Hace casi 9 años, por una invitación y no necesariamente por convicción (en ese momento), me involucré en esfuerzos para la equidad de género sin saber exactamente la cantidad de trabajo que había -y sigue habiendo- por hacer.

Desde mi lugar de privilegio no me imaginaba las desigualdades a las que se enfrentan las mujeres. También reconozco que muchísimas conductas discriminatorias y sexistas pasaban desapercibidas ante mis ojos y en mi propia vida porque están normalizadas por mujeres y hombres en nuestra sociedad. Esto cambió muy rápidamente.
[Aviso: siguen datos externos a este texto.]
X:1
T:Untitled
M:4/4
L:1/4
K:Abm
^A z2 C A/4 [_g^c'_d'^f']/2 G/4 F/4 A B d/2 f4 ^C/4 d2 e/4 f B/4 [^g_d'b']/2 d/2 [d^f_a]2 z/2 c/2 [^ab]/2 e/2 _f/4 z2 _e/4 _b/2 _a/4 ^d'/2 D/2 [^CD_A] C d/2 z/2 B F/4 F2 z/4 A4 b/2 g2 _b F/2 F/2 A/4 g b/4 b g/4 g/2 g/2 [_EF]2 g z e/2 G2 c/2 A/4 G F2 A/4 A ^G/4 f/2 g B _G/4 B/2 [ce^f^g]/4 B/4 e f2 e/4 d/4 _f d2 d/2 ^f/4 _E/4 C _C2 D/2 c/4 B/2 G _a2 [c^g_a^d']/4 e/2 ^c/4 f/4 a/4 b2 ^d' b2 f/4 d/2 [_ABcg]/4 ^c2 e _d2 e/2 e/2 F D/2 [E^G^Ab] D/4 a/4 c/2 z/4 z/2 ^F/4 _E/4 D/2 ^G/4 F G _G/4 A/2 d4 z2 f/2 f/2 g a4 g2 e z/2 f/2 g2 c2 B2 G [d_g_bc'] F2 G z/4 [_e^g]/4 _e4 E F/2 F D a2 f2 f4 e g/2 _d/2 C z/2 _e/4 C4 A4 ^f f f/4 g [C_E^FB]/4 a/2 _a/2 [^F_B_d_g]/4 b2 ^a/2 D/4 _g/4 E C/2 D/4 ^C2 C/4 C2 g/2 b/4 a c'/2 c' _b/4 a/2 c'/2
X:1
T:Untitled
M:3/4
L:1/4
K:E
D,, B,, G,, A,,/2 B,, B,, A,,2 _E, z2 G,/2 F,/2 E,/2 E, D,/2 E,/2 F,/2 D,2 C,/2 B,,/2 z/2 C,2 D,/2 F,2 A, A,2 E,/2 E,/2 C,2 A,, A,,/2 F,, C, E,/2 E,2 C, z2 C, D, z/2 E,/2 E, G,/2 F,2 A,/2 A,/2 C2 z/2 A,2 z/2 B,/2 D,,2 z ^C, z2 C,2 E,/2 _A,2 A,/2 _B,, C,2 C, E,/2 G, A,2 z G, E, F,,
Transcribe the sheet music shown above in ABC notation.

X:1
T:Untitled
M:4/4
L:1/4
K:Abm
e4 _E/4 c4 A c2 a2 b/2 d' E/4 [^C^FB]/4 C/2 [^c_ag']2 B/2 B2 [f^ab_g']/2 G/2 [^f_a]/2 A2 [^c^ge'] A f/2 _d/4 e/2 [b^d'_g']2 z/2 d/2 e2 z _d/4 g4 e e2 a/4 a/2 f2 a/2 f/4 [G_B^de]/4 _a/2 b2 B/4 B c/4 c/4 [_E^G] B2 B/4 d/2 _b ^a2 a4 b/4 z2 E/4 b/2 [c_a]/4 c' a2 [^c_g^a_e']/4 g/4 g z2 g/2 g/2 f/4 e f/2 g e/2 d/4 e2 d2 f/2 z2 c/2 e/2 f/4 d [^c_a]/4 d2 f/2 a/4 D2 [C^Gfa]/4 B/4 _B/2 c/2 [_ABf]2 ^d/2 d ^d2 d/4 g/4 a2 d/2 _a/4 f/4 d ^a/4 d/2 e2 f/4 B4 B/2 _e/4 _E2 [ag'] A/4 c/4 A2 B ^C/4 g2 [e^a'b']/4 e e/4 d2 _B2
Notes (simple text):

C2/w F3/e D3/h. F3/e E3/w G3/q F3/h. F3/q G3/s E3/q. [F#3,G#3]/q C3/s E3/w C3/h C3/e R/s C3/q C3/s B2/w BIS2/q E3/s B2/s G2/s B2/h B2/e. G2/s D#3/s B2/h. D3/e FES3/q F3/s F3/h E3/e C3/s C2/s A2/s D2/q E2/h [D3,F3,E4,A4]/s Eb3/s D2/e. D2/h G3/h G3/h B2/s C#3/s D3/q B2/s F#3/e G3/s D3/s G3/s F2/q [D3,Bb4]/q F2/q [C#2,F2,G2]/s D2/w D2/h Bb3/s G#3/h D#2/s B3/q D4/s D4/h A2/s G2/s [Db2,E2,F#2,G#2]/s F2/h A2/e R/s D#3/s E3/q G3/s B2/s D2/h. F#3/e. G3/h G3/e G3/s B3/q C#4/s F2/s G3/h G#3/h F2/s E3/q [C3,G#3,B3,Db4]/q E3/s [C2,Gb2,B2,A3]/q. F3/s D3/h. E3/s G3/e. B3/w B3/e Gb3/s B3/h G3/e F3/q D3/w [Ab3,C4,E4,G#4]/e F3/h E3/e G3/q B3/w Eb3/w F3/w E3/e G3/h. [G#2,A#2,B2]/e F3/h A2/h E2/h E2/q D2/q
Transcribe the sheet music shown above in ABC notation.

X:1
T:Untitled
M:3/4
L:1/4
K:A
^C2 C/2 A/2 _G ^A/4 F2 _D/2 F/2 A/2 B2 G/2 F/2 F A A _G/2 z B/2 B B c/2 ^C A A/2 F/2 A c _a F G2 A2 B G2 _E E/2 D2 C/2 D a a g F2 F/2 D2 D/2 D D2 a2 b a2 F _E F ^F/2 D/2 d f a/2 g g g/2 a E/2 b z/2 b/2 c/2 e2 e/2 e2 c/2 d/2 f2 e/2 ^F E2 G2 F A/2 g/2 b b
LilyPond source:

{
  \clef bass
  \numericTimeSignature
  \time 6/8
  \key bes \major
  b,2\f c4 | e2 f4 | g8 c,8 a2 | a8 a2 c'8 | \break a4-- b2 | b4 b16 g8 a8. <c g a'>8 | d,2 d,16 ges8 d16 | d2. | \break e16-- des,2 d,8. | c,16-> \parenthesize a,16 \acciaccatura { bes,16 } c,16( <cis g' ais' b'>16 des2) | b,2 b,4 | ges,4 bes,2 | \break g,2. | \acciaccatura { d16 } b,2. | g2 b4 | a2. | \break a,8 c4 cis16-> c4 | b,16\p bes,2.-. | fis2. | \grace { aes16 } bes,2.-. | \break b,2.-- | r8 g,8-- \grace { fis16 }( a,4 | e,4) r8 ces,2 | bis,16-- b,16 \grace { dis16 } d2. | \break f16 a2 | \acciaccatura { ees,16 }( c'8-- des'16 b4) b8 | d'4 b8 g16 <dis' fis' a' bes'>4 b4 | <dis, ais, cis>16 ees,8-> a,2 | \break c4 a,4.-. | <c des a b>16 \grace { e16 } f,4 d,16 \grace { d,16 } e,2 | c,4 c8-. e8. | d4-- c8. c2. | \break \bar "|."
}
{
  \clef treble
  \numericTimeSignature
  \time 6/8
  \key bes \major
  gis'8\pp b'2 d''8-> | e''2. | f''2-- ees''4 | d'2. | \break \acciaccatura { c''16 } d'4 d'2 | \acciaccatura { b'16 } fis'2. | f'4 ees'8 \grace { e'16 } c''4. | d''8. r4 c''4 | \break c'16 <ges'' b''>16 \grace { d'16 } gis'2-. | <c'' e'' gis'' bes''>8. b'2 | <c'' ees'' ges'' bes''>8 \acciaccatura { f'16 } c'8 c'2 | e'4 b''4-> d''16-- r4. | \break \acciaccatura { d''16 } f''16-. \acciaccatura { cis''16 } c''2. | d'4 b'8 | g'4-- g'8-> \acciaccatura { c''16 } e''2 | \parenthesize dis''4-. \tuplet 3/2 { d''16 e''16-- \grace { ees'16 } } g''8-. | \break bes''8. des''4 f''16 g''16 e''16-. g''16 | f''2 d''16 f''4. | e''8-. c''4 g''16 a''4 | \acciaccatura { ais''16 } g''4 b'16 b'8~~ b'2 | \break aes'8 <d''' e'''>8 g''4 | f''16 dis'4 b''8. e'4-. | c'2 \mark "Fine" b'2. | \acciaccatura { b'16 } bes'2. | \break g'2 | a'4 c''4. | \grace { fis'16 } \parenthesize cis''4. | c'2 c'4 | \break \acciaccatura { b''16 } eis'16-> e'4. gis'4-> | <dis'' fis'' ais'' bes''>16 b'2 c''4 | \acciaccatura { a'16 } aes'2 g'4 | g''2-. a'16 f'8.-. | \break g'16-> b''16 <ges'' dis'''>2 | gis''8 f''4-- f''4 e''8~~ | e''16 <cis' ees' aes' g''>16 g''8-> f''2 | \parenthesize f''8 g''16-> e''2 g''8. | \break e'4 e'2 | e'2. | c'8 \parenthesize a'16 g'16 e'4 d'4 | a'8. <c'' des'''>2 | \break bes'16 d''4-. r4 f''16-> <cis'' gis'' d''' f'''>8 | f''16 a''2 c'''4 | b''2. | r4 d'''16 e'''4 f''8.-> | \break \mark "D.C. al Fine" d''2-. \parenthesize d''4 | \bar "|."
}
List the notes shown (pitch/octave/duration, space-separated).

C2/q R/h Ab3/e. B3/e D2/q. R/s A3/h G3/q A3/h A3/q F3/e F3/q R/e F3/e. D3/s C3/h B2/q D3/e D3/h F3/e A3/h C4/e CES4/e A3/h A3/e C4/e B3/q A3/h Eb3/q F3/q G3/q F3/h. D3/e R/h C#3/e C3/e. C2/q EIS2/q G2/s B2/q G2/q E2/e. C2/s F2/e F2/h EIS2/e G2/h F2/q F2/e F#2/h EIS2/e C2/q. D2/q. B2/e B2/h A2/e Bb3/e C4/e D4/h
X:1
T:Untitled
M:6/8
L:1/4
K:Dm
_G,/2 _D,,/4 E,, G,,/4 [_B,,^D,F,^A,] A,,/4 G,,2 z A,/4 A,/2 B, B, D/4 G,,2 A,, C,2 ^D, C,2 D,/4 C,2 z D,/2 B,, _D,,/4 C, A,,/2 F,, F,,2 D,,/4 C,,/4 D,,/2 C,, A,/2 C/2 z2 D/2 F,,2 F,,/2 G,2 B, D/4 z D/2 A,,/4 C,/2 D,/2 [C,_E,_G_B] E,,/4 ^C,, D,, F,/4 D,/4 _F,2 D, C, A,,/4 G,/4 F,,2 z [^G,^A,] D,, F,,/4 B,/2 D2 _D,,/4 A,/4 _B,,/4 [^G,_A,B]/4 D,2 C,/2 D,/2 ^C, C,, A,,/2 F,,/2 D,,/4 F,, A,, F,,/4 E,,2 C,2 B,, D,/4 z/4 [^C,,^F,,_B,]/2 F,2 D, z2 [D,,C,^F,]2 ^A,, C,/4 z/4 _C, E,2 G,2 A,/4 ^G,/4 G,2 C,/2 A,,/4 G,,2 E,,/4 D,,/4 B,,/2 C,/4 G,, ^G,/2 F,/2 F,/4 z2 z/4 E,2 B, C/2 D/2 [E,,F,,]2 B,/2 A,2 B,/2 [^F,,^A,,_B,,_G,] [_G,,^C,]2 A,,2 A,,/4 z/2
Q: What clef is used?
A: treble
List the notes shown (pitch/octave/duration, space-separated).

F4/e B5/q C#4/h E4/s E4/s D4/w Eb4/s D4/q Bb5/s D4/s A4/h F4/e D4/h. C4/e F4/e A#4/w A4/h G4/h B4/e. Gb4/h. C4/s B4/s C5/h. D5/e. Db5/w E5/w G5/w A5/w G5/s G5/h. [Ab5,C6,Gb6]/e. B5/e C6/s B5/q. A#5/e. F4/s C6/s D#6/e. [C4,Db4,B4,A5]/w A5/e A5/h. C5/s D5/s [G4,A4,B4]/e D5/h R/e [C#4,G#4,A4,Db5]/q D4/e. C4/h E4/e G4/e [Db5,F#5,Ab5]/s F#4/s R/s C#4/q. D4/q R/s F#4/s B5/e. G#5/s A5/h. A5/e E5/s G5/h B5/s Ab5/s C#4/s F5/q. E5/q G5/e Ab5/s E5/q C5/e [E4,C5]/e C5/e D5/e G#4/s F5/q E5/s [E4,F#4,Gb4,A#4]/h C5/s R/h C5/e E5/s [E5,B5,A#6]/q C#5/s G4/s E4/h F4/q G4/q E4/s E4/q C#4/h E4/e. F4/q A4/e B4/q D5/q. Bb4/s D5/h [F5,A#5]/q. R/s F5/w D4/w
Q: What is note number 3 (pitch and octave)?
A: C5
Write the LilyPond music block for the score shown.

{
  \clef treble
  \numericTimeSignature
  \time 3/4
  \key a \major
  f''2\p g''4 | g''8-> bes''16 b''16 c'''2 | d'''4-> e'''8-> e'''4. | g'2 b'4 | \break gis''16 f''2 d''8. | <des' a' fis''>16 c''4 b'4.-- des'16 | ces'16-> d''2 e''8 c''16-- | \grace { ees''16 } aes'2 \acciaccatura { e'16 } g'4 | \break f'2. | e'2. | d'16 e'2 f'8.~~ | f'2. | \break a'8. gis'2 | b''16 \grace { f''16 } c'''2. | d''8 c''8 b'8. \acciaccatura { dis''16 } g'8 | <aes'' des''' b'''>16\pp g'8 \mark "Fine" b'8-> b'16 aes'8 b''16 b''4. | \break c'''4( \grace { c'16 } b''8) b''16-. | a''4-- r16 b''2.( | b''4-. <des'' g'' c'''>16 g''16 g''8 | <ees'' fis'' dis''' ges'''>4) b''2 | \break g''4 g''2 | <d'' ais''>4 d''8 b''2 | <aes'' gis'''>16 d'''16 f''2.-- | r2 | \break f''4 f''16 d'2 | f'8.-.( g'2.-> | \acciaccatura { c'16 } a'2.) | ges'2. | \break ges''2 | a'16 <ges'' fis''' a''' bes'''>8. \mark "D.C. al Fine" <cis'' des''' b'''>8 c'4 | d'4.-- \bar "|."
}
En mi trabajo comparto con mujeres de todo nivel socioeconómico, diferentes zonas geográficas y nacionalidades, que representan un abanico de posiciones y oportunidades. A lo largo del tiempo he comprobado que desafíos, vivencias y aspiraciones se repiten una y otra vez, sin importar el contexto: violencia física, sexual y psicológica, casi doble de jornadas laborales por la sobrecarga de trabajo doméstico y roles de cuido, la dificultad de balancear vida personal y trabajo y en muchas ocasiones la prohibición tácita de trabajar, realizarse y tener autonomía económica y en la toma de decisiones.

Al mismo tiempo, esas mujeres luchan incansablemente por sus familias y comunidades, realizan entregas amorosas y todas, sin excepción, tienen sueños y aspiraciones de libertad y realización personal; algunas con el optimismo de lograrlos, otras ya con desesperanza para sí, pero anhelos de que el mundo sea diferente para sus hijas y las nuevas generaciones.

Las brechas que nos faltan por cerrar demandan acciones por la equidad para luego aspirar a la igualdad de oportunidades y derechos. Estas acciones, si bien tendemos a pensar que son sólo estructurales, también se pueden llevar al ámbito comunitario, laboral y personal.

Las estructuras, sin importar el tamaño de la organización -sea país, comunidad, empresa o familia- deben replantearse su diseño, configuración y normativa de acuerdo con la realidad de las mujeres y sus necesidades. Lógicamente, para esto es indispensable que todas las personas, comenzando por quienes que tienen puestos de liderazgo, se dediquen a conocer de manera constante las vivencias y barreras que enfrentan las mujeres diariamente, sea dentro de las organizaciones o fuera de ellas, y que se incluya la perspectiva de las mujeres de todo nivel en el rediseño.

Los cambios estructurales son clave, pero no serán efectivos mientras no veamos comportamientos diferentes desde la reflexión profunda y es aquí donde todas las personas podemos y debemos hacer algo más allá de conocer las situaciones que enfrentan las mujeres.

Un primer paso es el autoconocimiento: ¿Cómo influyen los estereotipos de género en mis comportamientos con o respecto a las mujeres? ¿Qué son sesgos inconscientes? ¿Cuáles son los sesgos y estereotipos que tengo sobre ellas? Todas las personas -mujeres y hombres- crecimos con estereotipos y tenemos sesgos inconscientes, para descubrirlos, buscar espacios de educación sobre la temática y hacer consultas a personas a mi alrededor sobre mis comportamientos.

Un segundo paso es la autorreflexión: ¿Qué impacto tiene en mí comportarme desde esos paradigmas y sesgos? ¿Qué impacto tiene en las mujeres? ¿Qué impacto tiene en las personas a mi alrededor? (incluyendo mi familia, mis colegas y personas colaboradoras).

Un tercer paso es la autogestión: ¿Cuáles creencias debo y quiero derribar? ¿Cómo puedo ser una persona aliada de las mujeres?: ¿Cuáles comportamientos debo dejar y cuáles puedo adoptar?

Si bien el 8 de marzo es una fecha para conmemorar luchas pasadas y reconocer las brechas que nos falta por cerrar, es también un día propicio para el autoconocimiento y el compromiso personal con hacer cotidiana nuestra contribución a crear un mundo más equitativo, inclusivo, próspero y sostenible.